■ Required action
Would you print the lines below exactly, beginning at the line that has "LOT OF 3 SIGMA 70R2-24809 RELAY" and stopping after the line that has "Led Step And"? Only those lines, and no pictures.

■ Dataset content
↓

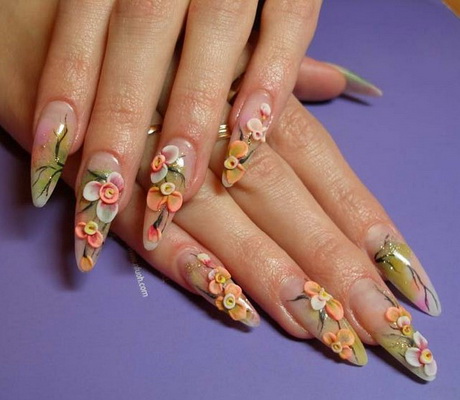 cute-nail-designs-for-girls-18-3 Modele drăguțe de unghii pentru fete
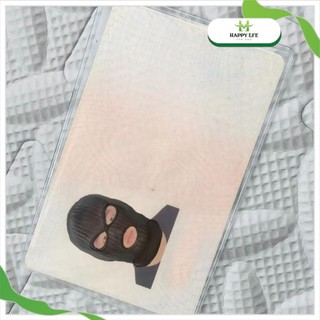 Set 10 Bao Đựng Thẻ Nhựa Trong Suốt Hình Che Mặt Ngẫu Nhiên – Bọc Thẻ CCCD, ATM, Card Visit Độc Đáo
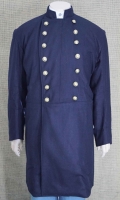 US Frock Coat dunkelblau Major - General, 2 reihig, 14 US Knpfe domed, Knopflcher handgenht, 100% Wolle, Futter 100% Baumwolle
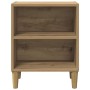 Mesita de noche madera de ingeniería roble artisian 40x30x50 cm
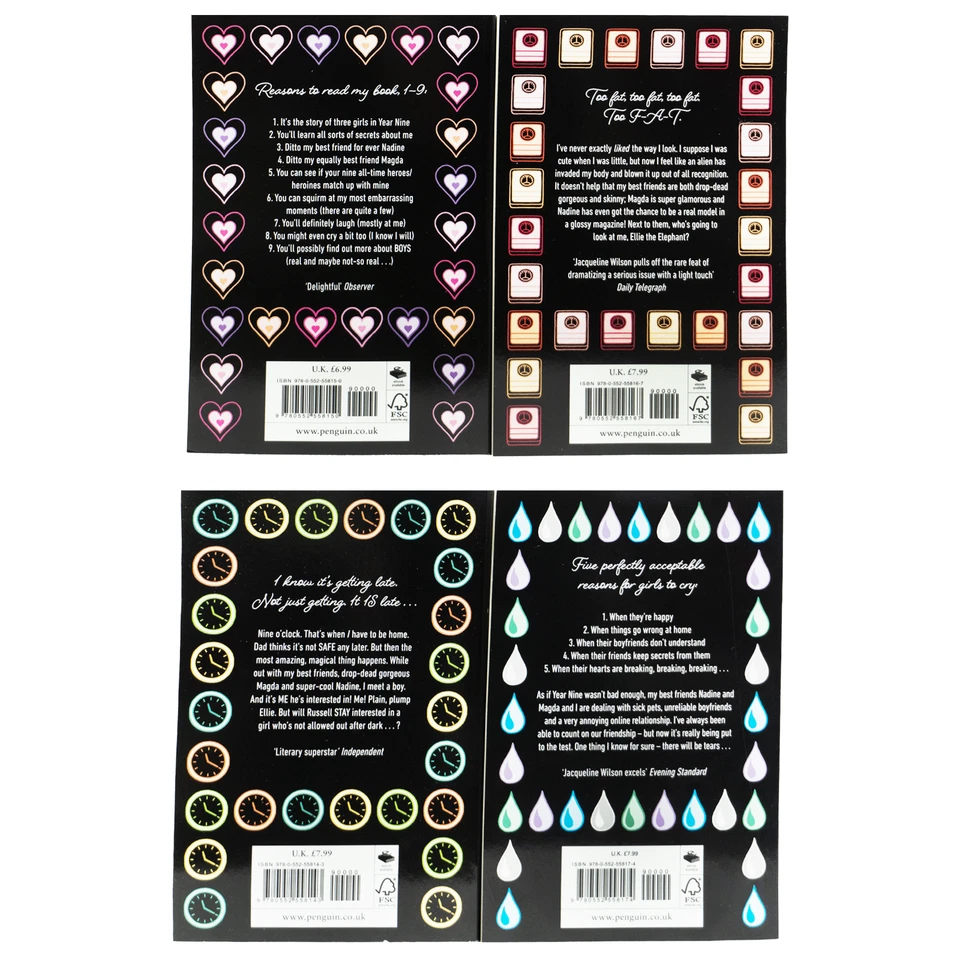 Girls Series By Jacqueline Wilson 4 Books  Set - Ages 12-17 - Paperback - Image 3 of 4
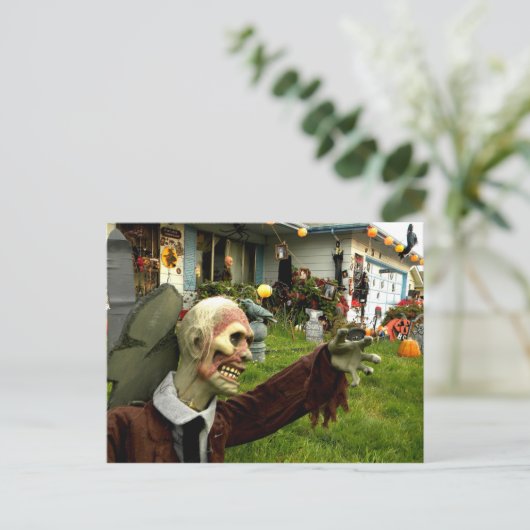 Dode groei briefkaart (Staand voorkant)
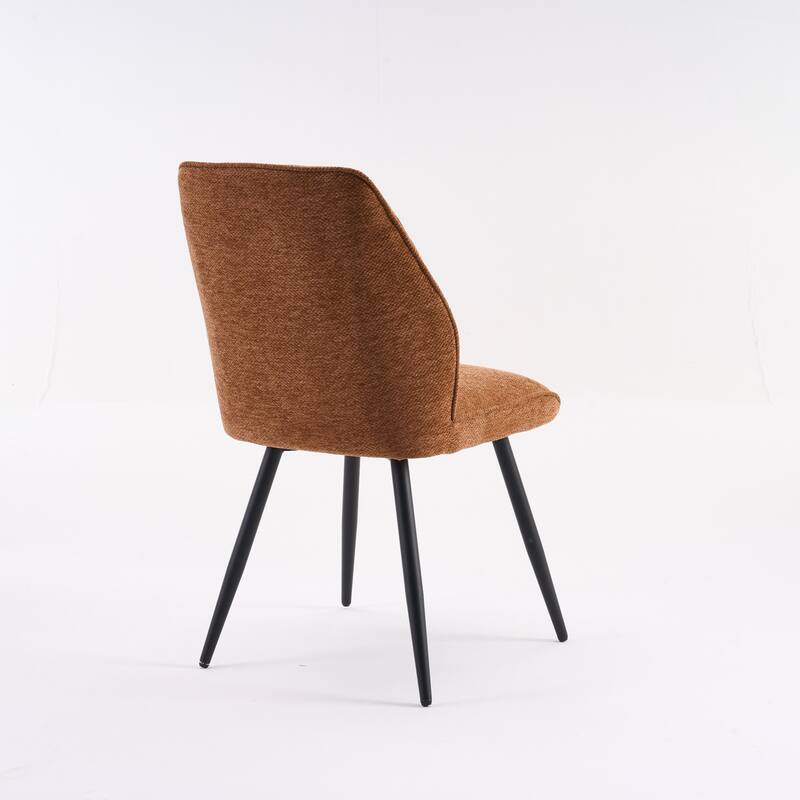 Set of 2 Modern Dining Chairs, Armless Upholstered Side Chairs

↑
↓

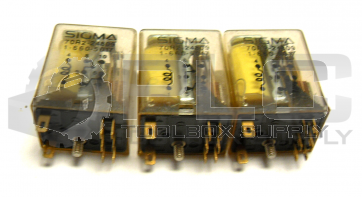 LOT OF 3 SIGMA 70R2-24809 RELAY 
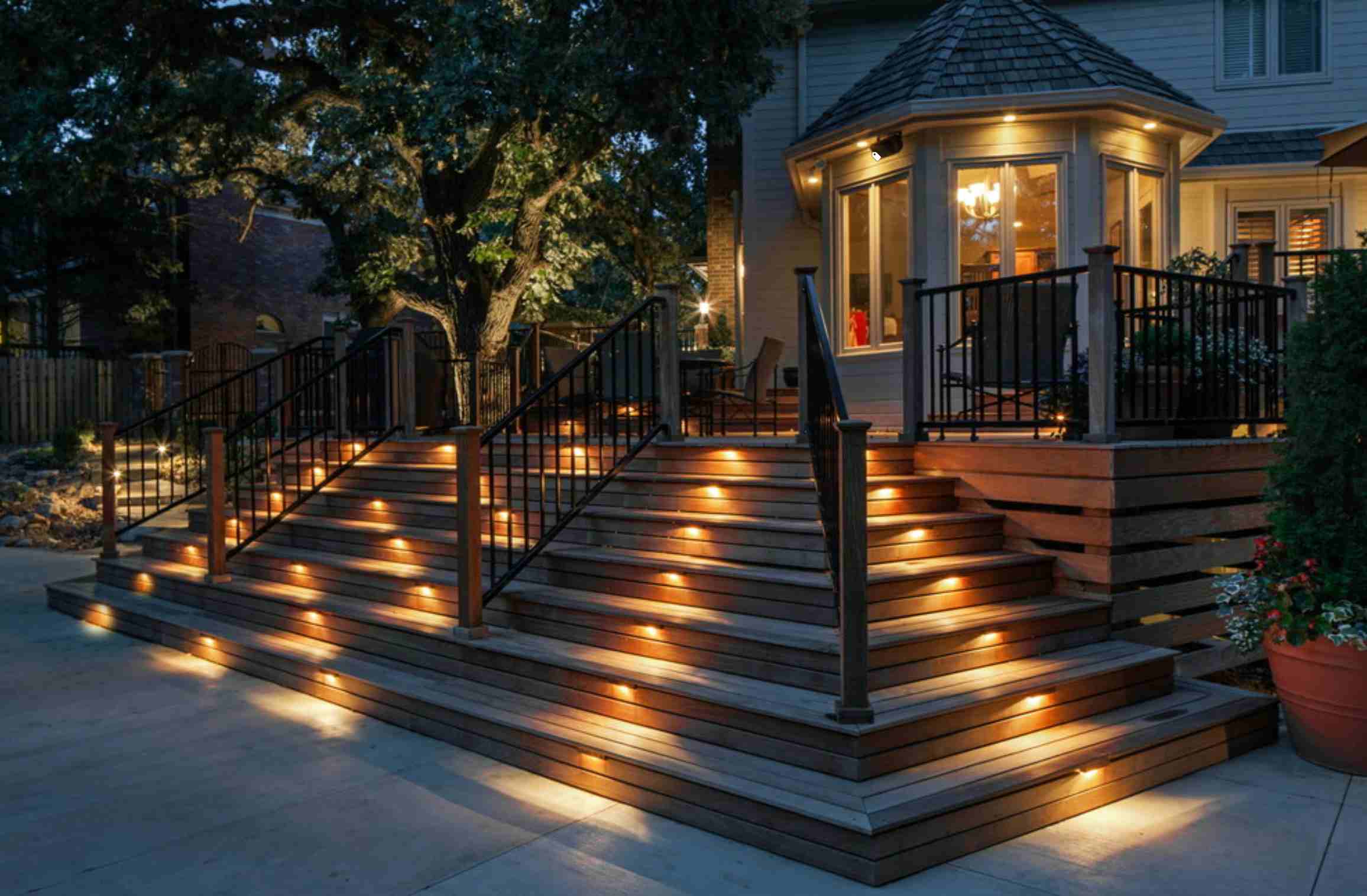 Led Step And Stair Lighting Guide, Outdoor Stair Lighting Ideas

↑
↓

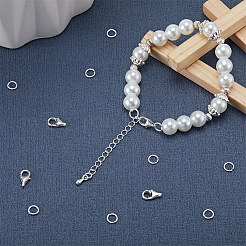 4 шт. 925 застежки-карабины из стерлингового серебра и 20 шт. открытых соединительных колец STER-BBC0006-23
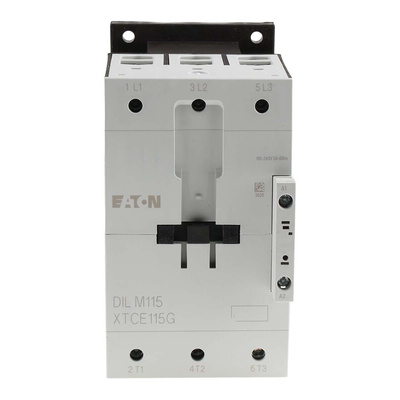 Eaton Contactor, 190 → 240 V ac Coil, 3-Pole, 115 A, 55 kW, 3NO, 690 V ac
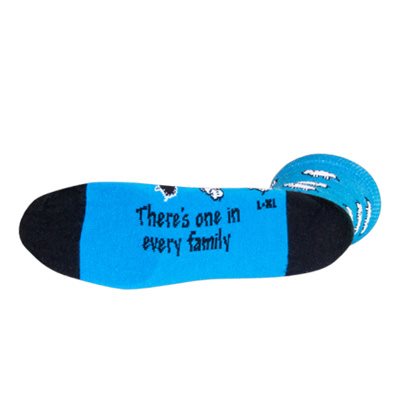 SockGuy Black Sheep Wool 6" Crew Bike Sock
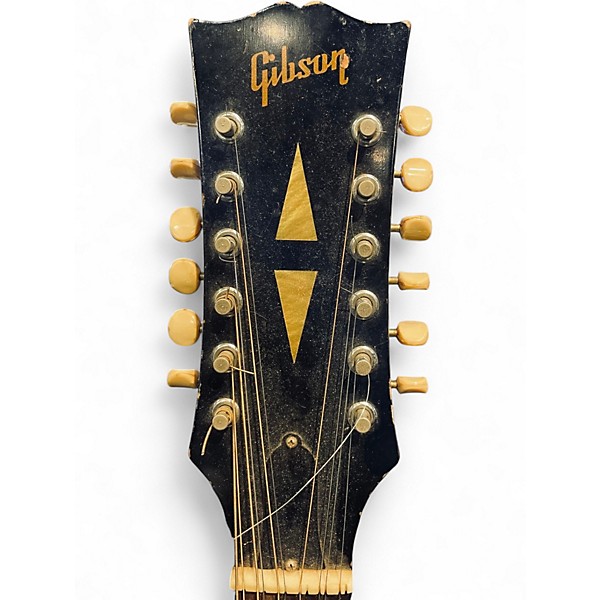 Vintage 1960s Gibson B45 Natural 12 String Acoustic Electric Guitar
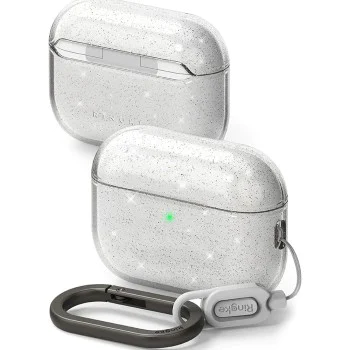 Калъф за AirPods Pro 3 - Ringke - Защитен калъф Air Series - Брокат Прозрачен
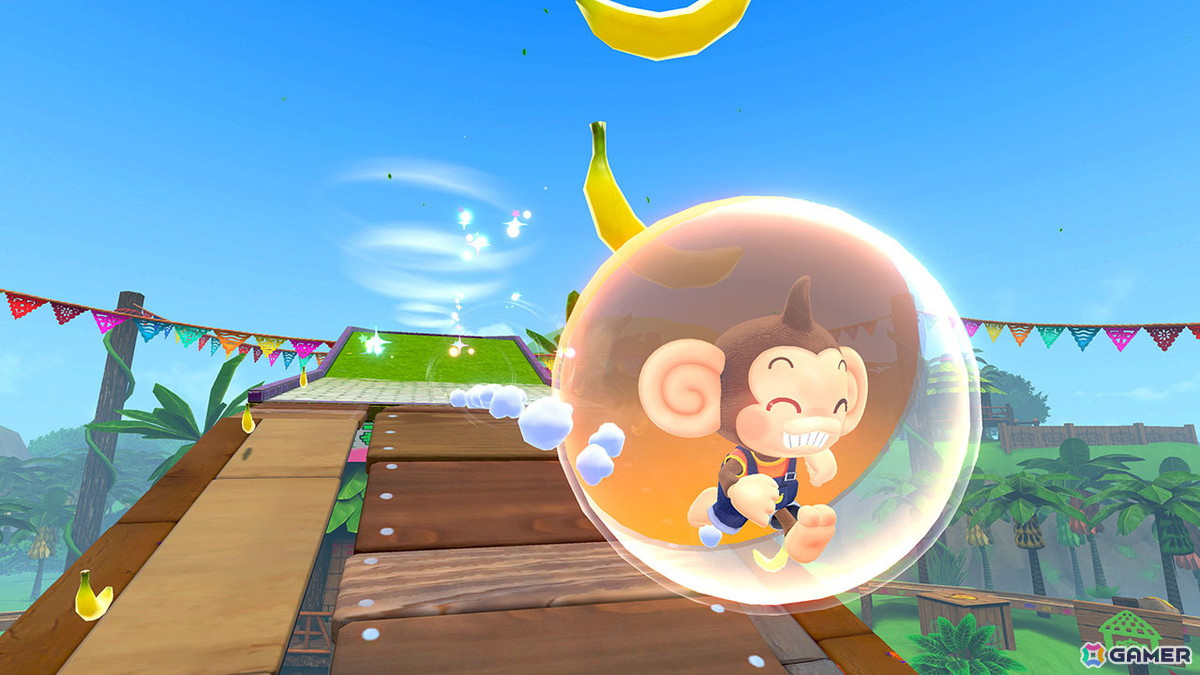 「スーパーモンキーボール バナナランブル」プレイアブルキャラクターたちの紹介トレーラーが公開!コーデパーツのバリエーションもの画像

↑

■ Solution to this task
 LOT OF 3 SIGMA 70R2-24809 RELAY 
 Led Step And Stair Lighting Guide, Outdoor Stair Lighting Ideas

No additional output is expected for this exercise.